Algo más de una hora después
alcanzamos el avión. Varias veces se había producido un efecto espejismo, quizá
por la ansiedad que crecía al caer más el sol. Allí estaba, sin alas, con pintadas,
desposeído y, sin embargo, orgulloso de su estampa. Alguien había escrito que
era un lugar inspirador y no le faltaba razón. Quizá ese carácter de ruina
abandonada, de Venus de Milo de los aviones, en medio del desierto, era
suficiente para cautivar a los curiosos que se subían al ser derrotado que
miraba hacia las montañas. El mar quedaba a su espalda.
Lo rodeamos, lo observamos con
interés, como analizando su poder de atracción. Hubo un momento que me pareció
una estampa en blanco y negro con una pátina de efecto sepia.
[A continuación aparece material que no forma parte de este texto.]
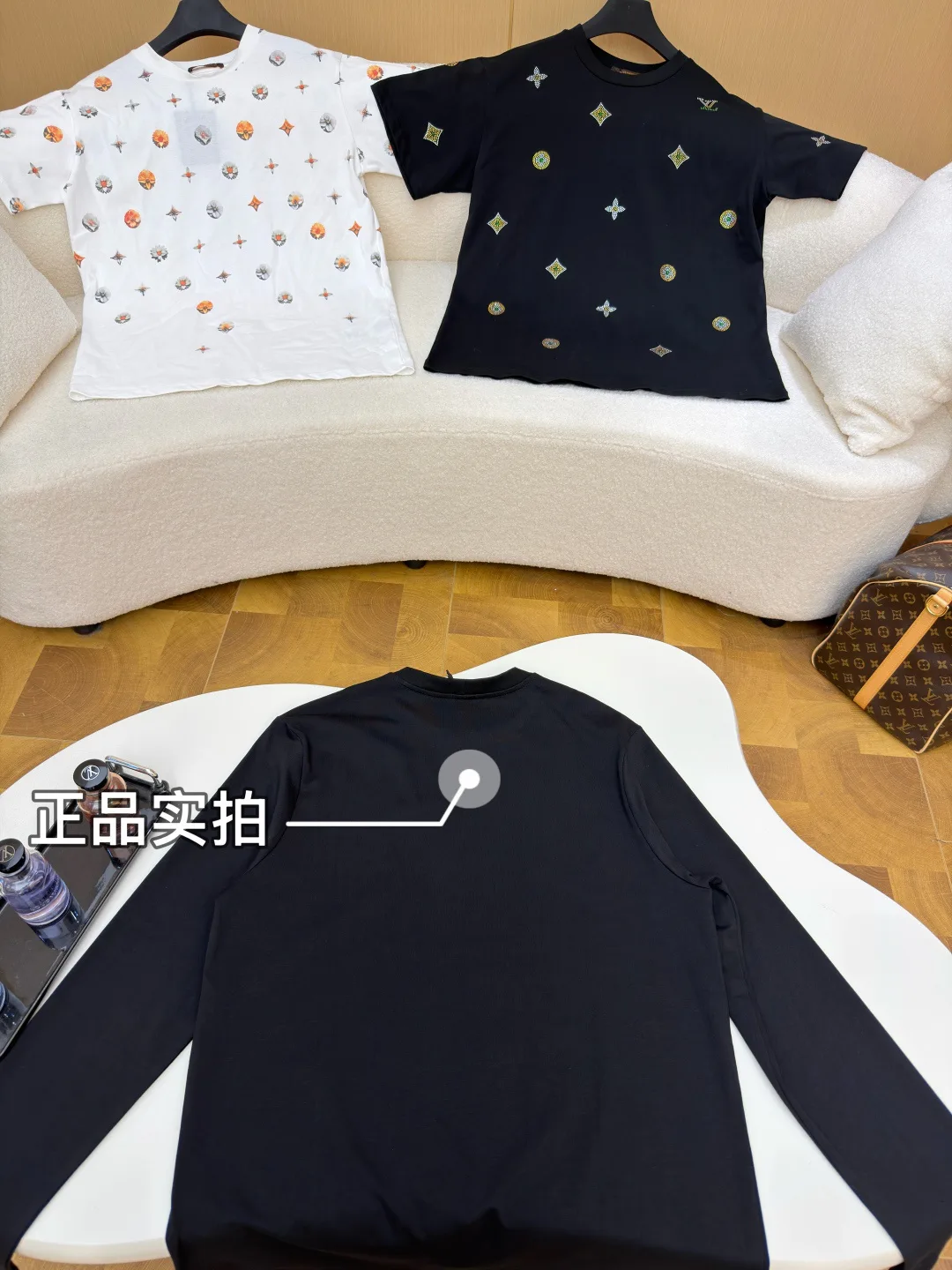 Лонгсливы Мужские Celine 11430093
La gente se subía
a sus alas sin ningún respeto, se introducía en el interior, mancillaba su
recuerdo.
La cabalgada de regreso fue casi
tan rápida como la ida.
El último tramo hasta Vík lo
hicimos con la noche pisándonos los talones.
Llegamos al camping de Vík
pasadas las nueve. Estaba lleno y tuvimos que aparcar en el extremo de la
última fila. Gozaba de unas excelentes instalaciones.